Tag Archives: Natural History Museum

Air Pressure, Autism and How To Make A Perfect Arnold Palmer

Em has a cold.  When Em has a cold it’s stressful to her.  She repeatedly holds her nose and blows, despite being told this will not reduce the pressure she feels in her head, she does it anyway.  Maybe it momentarily does release the pressure and that’s why she keeps doing it.  I don’t know.  What I do know is that having a cold along with a change in air pressure causes her tremendous discomfort and pain.  A friend of mine, who is also Autistic told me her head feels as though it’s going to explode when the air pressure changes.  She told me it’s so excruciatingly painful she loses the ability to speak.
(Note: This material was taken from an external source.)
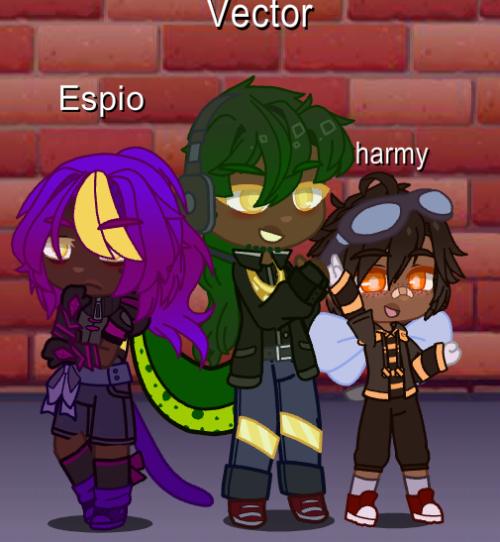 Lmao Gacha Sonic Characters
While I do not share in Em’s pain due to the barometric pressure, I did manage to throw my back out Friday afternoon.  No this is not going to be a “woe is me” post, I promise.  I could barely walk on Saturday and so Richard, being the all around amazing, wonderful, practically perfect guy that he is, took Em to the Metropolitan Museum of Art, ending with the Natural History Museum where they played an extended elevator game. (Emma rides the glass elevator in the biolife section where an enormous whale is suspended from the ceiling and a video plays on a massive screen showing the beauty of the ocean and the slow, march towards its inevitable death because of mankind’s negligence and refusal to take responsibility, while Richard pops into view and pretends to scream, and Emma, safely cocooned inside the moving glass elevator hysterically laughs.)  This game can go on for a very long time.  Thankfully Emma was NOT slowed down by her cold or the pain caused by the air pressure.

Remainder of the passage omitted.